The purpose of this study was to assess parent report of mealtime behavior problems and general parenting stress in a sample of preschoolers with type 1 diabetes as compared with healthy control subjects. It was hypothesized that 1) children with type 1 diabetes would be characterized by more problematic mealtime behavior than non-chronically ill children, 2) parents of children with type 1 diabetes would report greater levels of general parenting stress than parents of non-chronically ill children, and 3) parent report of mealtime behavior problems and general parenting stress would be positively correlated.

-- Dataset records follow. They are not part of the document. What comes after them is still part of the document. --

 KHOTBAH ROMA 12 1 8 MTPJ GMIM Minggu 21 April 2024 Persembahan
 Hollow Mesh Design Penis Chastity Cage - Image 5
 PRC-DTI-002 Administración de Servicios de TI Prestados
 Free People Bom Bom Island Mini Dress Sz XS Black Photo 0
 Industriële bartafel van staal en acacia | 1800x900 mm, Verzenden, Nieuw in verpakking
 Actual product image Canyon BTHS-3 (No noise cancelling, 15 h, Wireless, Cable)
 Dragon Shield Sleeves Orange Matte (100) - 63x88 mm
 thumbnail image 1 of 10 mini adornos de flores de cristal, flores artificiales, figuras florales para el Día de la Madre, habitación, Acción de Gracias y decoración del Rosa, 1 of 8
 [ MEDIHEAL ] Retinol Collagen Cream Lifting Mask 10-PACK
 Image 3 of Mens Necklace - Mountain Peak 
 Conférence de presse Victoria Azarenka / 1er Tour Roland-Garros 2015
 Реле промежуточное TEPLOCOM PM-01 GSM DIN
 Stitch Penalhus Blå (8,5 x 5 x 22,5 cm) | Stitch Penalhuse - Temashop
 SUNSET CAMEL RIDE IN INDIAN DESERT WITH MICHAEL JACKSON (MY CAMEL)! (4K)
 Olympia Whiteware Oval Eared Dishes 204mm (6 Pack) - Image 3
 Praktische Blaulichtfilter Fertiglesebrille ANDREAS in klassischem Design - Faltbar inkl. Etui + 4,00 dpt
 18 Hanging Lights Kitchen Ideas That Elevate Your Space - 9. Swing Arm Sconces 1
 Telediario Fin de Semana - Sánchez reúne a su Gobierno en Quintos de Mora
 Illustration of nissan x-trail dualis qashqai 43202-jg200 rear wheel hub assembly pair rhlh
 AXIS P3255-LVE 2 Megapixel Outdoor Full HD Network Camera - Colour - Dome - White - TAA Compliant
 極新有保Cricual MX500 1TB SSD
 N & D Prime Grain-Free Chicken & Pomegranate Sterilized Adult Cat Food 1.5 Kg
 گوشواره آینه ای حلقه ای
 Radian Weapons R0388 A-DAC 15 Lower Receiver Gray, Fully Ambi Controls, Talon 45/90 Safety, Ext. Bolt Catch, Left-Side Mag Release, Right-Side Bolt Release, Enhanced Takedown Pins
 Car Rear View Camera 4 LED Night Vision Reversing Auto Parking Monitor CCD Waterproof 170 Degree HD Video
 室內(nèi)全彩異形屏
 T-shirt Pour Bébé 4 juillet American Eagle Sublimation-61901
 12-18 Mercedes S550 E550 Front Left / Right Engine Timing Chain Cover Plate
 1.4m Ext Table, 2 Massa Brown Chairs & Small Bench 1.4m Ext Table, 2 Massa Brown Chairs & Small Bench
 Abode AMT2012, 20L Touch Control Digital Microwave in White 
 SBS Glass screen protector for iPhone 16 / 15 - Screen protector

A total of 40 children with type 1 diabetes and their primary caregivers were recruited from the Pediatric Diabetes Center (PDC) at Cincinnati Children’s Hospital Medical Center (CCHMC), a large pediatric tertiary care center located in the Midwest. CCHMC is the only inpatient pediatric facility in a tristate region, and the population served by the PDC is representative of North America. Thus, the recruitment pool for the current study represented nearly every case of pediatric type 1 diabetes within a 50-mile radius of the medical center. Inclusion/exclusion criteria for the study were as follows: confirmed diagnosis of type 1 diabetes of ≥6 months duration; no other disease/condition or medication known to affect growth; child aged <84 months; family speaks English as a primary language; and child had attended a PDC clinic visit within the last 12 months. As part of standard care, all families of children with type 1 diabetes were given the same nutritional guidelines, had equal access to a nutritionist, and were taught the principles of carbohydrate counting. The sample was comprised of 22 (55%) male and 18 female subjects ranging in age from 1 to 6 years (4.6 ± 1.2 years, means ± SD); illness duration averaged 23.3 ± 12.7 months. The sample was predominantly Caucasian (85%), and most children (85%) were living with both parents (i.e., married couples). The primary caregiver who participated in the assessment was the child’s mother in 98% of the cases. The majority (86%) of families fell within the top three (i.e., highest) socioeconomic strata (SES) on the Hollingshead four-factor index of social position (A.B. Hollingshead, unpublished manuscript, 1975).

Healthy comparison subjects were 40 children without a history of chronic illness and their primary caregivers recruited from the surrounding community. Control children were selected for inclusion in the study based on the following matching criteria: sex, ethnicity, age within 3 months, and SES score within one strata. The control group was comprised of 22 (55%) male and 18 female subjects ranging in age from 1 to 6 years (4.5 ± 1.2 years). The control group was predominantly Caucasian (90%), and most children (88%) were living with both parents (i.e., married couples). The primary caregiver who participated in the assessment was the child’s mother in 95% of the cases. The majority (98%) of the families fell within the top three (i.e., highest) SES. No specific nutritional guidelines were followed by control families.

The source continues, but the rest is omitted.